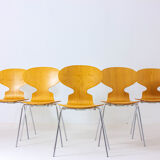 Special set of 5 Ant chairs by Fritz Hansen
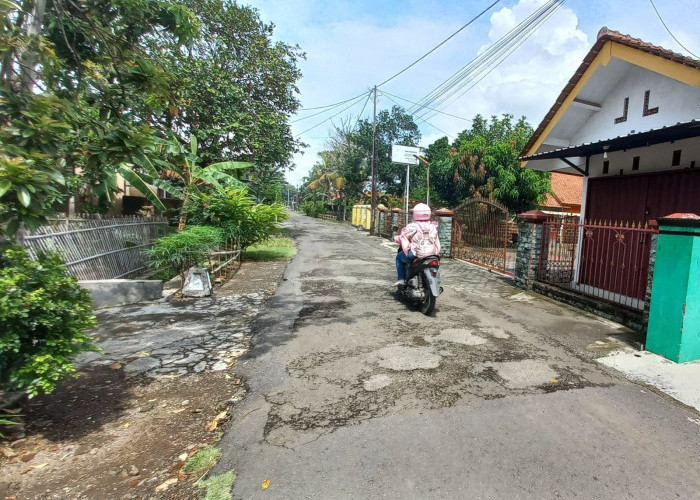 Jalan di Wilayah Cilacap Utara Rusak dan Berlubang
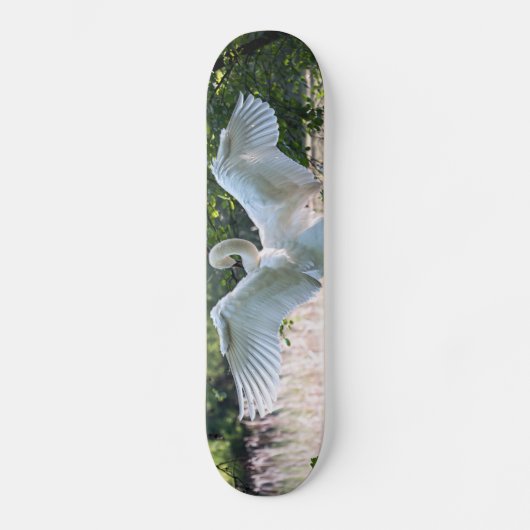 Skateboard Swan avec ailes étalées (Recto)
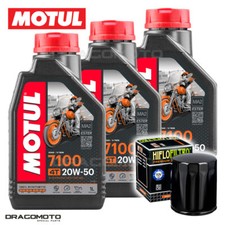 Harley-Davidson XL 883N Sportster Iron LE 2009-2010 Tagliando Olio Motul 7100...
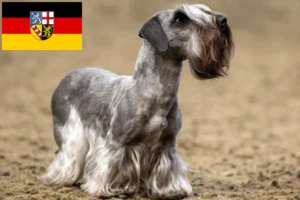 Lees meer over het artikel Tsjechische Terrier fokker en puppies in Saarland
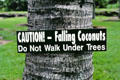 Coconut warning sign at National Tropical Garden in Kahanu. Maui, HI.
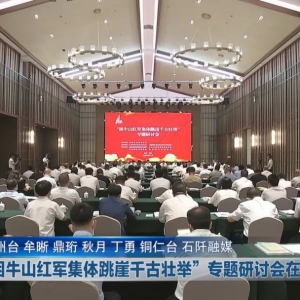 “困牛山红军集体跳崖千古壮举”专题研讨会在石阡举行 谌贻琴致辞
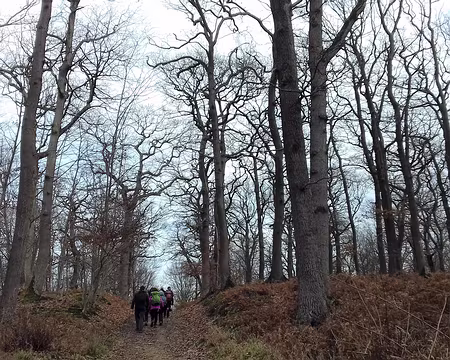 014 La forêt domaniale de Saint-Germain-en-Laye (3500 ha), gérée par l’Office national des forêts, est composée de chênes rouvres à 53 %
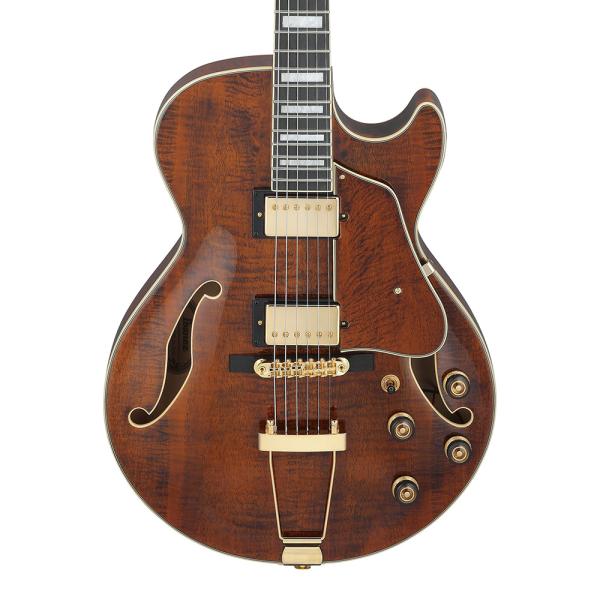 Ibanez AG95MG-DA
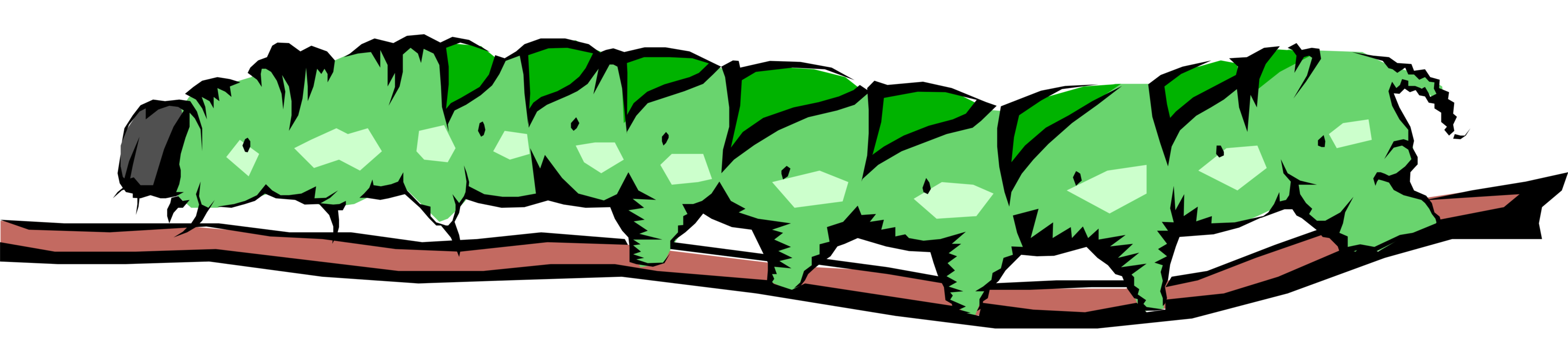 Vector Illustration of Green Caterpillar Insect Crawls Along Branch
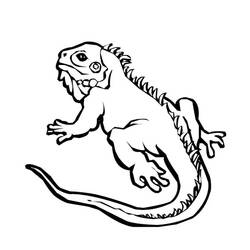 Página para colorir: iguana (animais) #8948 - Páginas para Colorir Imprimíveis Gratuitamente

# ABOUT THIS EXERCISE
Your reply should restate the data above word for word and contain no pictures.

# FINISHED EXERCISE
 Special set of 5 Ant chairs by Fritz Hansen
 Jalan di Wilayah Cilacap Utara Rusak dan Berlubang
 Skateboard Swan avec ailes étalées (Recto)
 Harley-Davidson XL 883N Sportster Iron LE 2009-2010 Tagliando Olio Motul 7100...
 Lees meer over het artikel Tsjechische Terrier fokker en puppies in Saarland
 Coconut warning sign at National Tropical Garden in Kahanu. Maui, HI.
 “困牛山红军集体跳崖千古壮举”专题研讨会在石阡举行 谌贻琴致辞
 014 La forêt domaniale de Saint-Germain-en-Laye (3500 ha), gérée par l’Office national des forêts, est composée de chênes rouvres à 53 %
 Ibanez AG95MG-DA
 Vector Illustration of Green Caterpillar Insect Crawls Along Branch
 Página para colorir: iguana (animais) #8948 - Páginas para Colorir Imprimíveis Gratuitamente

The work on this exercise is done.